# I need suggestions for a Malawi 55



## awesome kid (Jun 10, 2005)

I have a new 55 gallon tank that i am setting up and looking for suggestions as to what to put in it, preferably malawi cichlids. The tank is filtered with an external canister filter. The input is an adjustable spray bar. 
For filtration I have a Rena Filstar Xp3 canister and a Whisper 30 hang-on filter. I have 2 100 watt heaters but they are not in the tank yet. 

As for fish, I would like something colorful and active. This tank is meant to be eye-catching and so far it looks like mbuna would be the best choice. Here are some pictures of the tank (without the heaters or the Whisper filter, those are under the tank waiting to be set up). And before someone comments, I know I need more rocks, I just havent had the time to get them yet.

Here is the link to the photobucket site on which the pictures are posted: 
http://s154.photobucket.com/albums/s248/awesome_fishy_kid/55 tank/


----------



## Gourami Swami (Jul 4, 2006)

For Mbuna, you will need to redecorate. They like lots of caves and rock shelves.

By far the best thing to do is have a large group of one type of fish. This display will be much better looking, and it will allow you to see the natural behavior of the fish. I recommend _Metriaaclima Zebra_ as your fish.


----------



## Guest (Jan 30, 2007)

A large group of Demasoni would be nice too. 

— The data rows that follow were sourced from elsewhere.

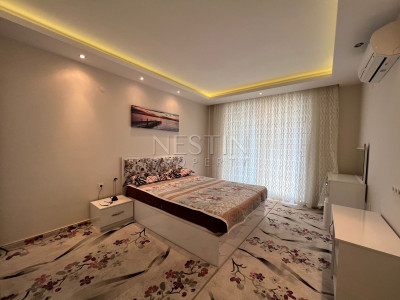 Квартира 2+1 в районе Тосмур, в 500 м от Средиземного моря фото 24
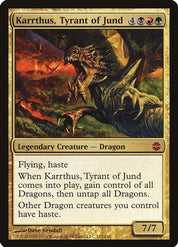 Karrthus, Tyrant of Jund - Black/Red/Green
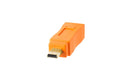 EAN 0818307013544 - Tether Tools CU8015-ORG cable USB USB 2.0 4,6 m USB A Mini-USB B Naranja imagen 2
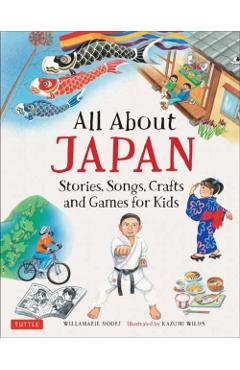 All About Japan - Willamarie Moore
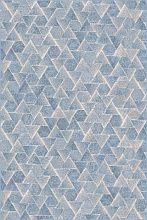 Ковер в стиле Лофт из вискозы и хлопка ROYAL PALACE 2020 R 17993 4666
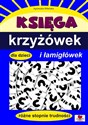 Księga krzyżówek i łamigłówek dla dzieci 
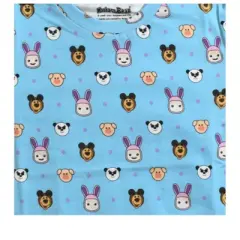 Masha and The Bear Crew Neck Short Sleeve T Shirt - Toddler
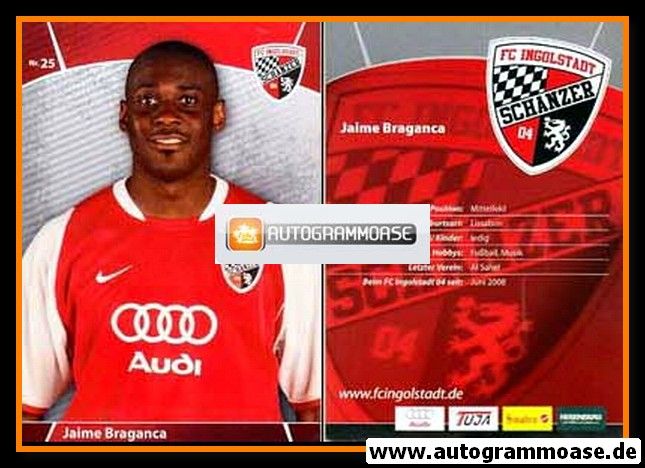 AK Fussball | FC Ingolstadt 04 | 2008 | Jaime BRAGANCA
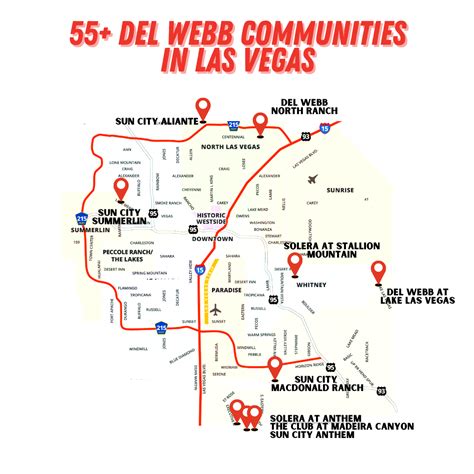 Del Webb Communities In Las Vegas Nevada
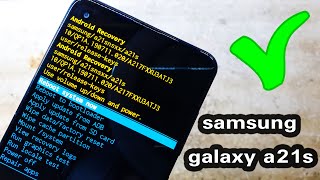 how to factory reset samsung galaxy a21s without password hard reset [upl. by Alben488]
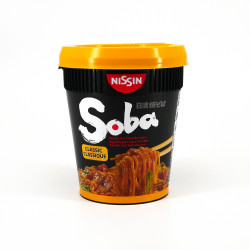 Cup de nouilles sautées Yakisoba Instantané goût classic, NISSIN​​​​​​​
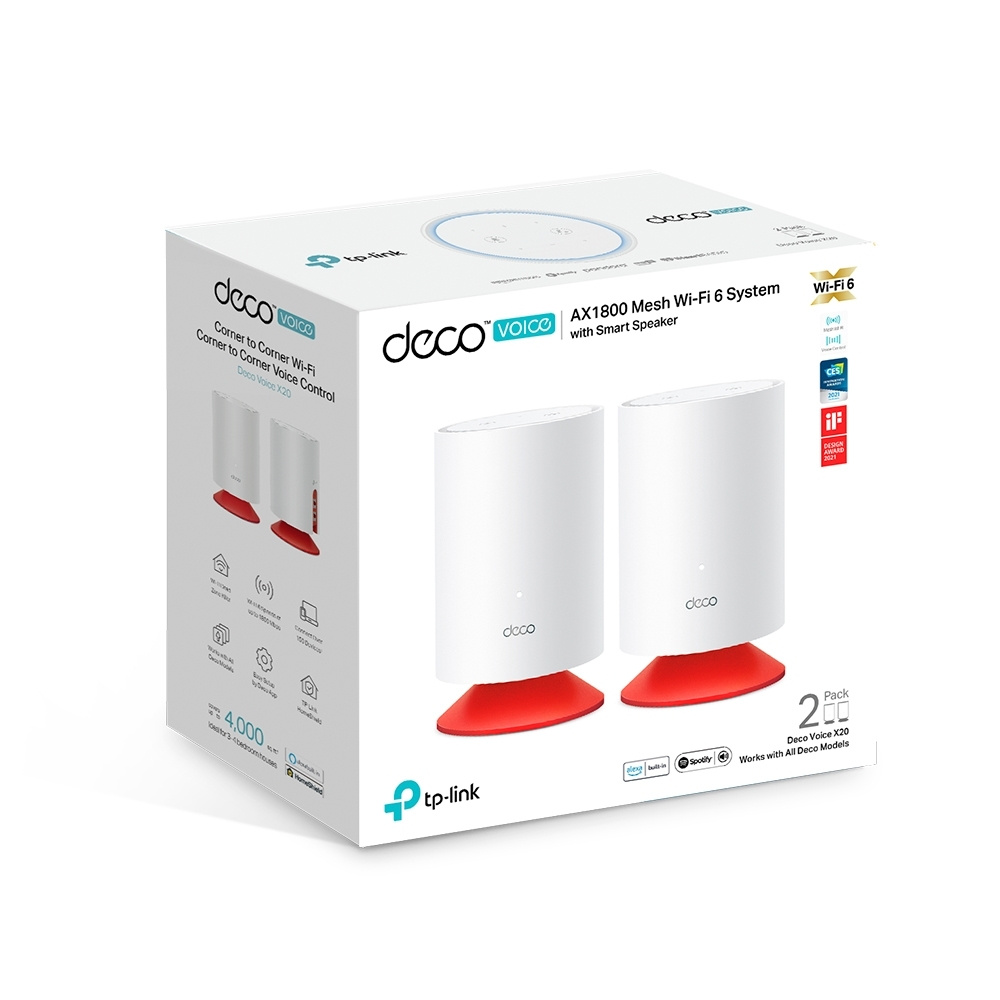 TP-Link Deco X20 Wi-Fi 6 ルーター 2台セット TP-Link Deco X20 2
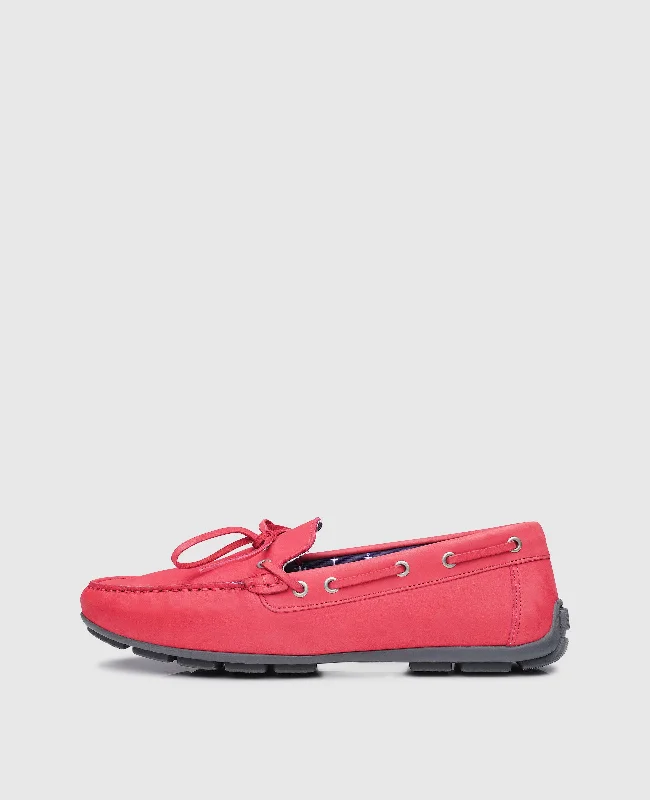 Sperry - style men's boat shoes for nautical charmNo. 96 MM - Red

You'll definitely need alot more rock though, for any Mbuna.

If you want variety, then I'd suggest 3 or 4 groups of 1m/3f. Some nice Mbuna to have are Red Zebras, Cynotilapia afra, Pseudotropheus socolofi,Pseudotropheus saulosi, Metriaclima greshakei, and Metriaclima zebra, like Nelson suggested above. These are all aggressive fish, but will be fine together (any combo).

Another combo would be Labidochromis caeruleus (Electric Yellow) or Labidochromis "Hongi" and some type of Peaco-ck (from Aulonocara genus). You can mix Electric Yellows and peaco-cks with the others listed above, but they are less aggressive and I suggest having a larger group of them. In my Malawi tank, my Eurekas are getting picked on. So they are probably not the best fish to be kept with more aggressive types (like Socolofi and Afra).


----------